Help running BeautifulSoup script

6,596

Expert 4TB

Hi,
I'm very new to Python. Basically all I want to do is run this scipt. But I don't know how to.

My OS is MS Widows XP
Any help is much appreciated.

P.S. I have already installed BeautifulSoup

You'll need to add the Python directory to your PATH environment variable. After that, I'd say de-compress the backup_fotopic.tar.gz file into a folder. Start a DOS shell and cd to that folder and type

backup_fotopic.py

Assuming that Python is installed correctly (.py files have the python icon) the script will run.

Aug 23 '07 #2

You'll need to add the Python directory to your PATH environment variable.

How do I do this?

Thanks

Aug 23 '07 #3

6,596

Expert 4TB

You'll need to add the Python directory to your PATH environment variable.

Right-click My Computer, go to Properties. On the Advanced tab, click the Environment Variables button. In the "User variables for <your name>" list, find the one called PATH. Select it and click the Edit button. Add some like

C:\python24;

(depending on the actual path and version of your python installation)
to the beginning or the line (yours may not have anything in it yet).

Aug 23 '07 #4

Got the PATH variable set, thanks.

When I run the script I get:

Expand|Select|Wrap|Line Numbers

 Traceback (most recent call last):

  File "C:/Python25/backup_fotopic", line 30, in <module>

    title = image_soup.first('title').contents[0]

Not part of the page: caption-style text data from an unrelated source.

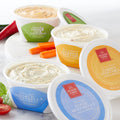 Cheese Spread Flight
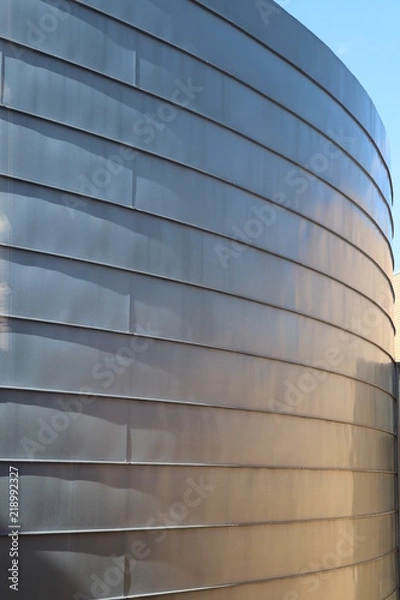 Obraz building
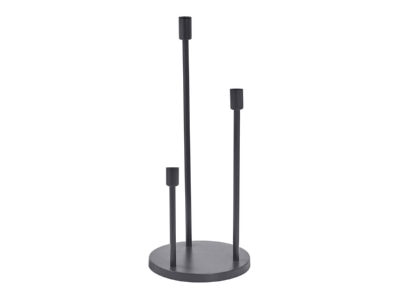 Product image Ledvance Decor  4058075833036 Floor lamp 3x E27 dark grey
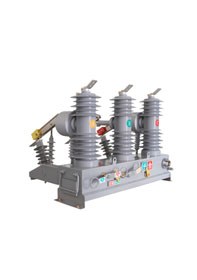 户表柱上开关/沉合器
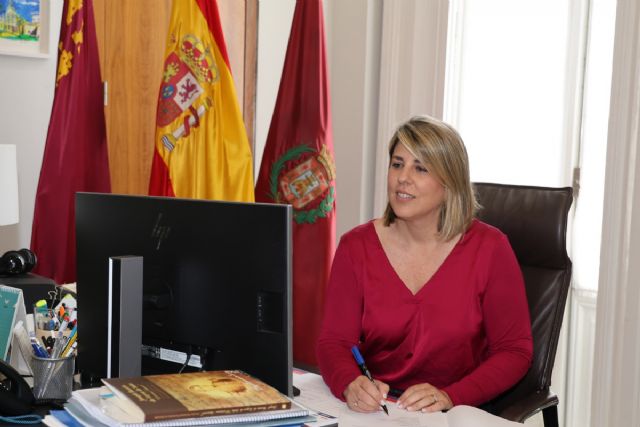 La FEMP analiza los fondos contra la violencia de género y el refuerzo de ATENPRO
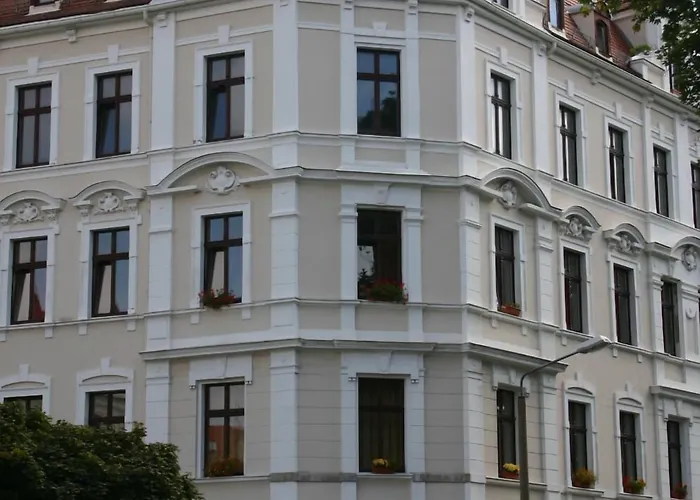 Gästehaus Lisakowski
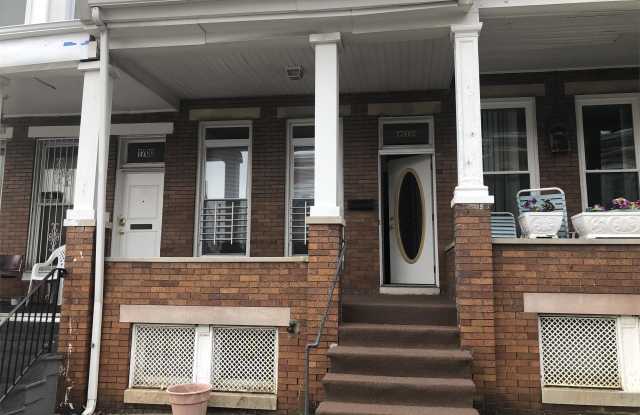 1702 Ruxton Avenue - 1702 Ruxton Avenue, Baltimore, MD 21216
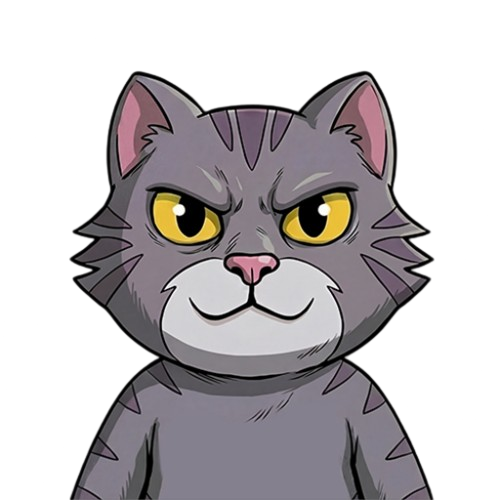 Cat Preview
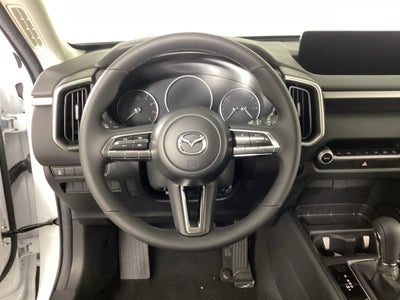 2026 Mazda Mazda CX-50 2.5 S Select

AttributeError: 'NoneType' object has no attribute 'contents'

How do I fix this?

Thank you for your continued support.

Aug 24 '07 #5

6,596

Expert 4TB

Got the PATH variable set, thanks.

When I run the script I get:

Expand|Select|Wrap|Line Numbers

Traceback (most recent call last):

File "C:/Python25/backup_fotopic", line 30, in <module>

title = image_soup.first('title').contents[0]

AttributeError: 'NoneType' object has no attribute 'contents'

How do I fix this?

Thank you for your continued support.

This is telling you that the result of

Expand|Select|Wrap|Line Numbers

image_soup.first('title')

is None.
My guess is that 'title' is meaningless to the function.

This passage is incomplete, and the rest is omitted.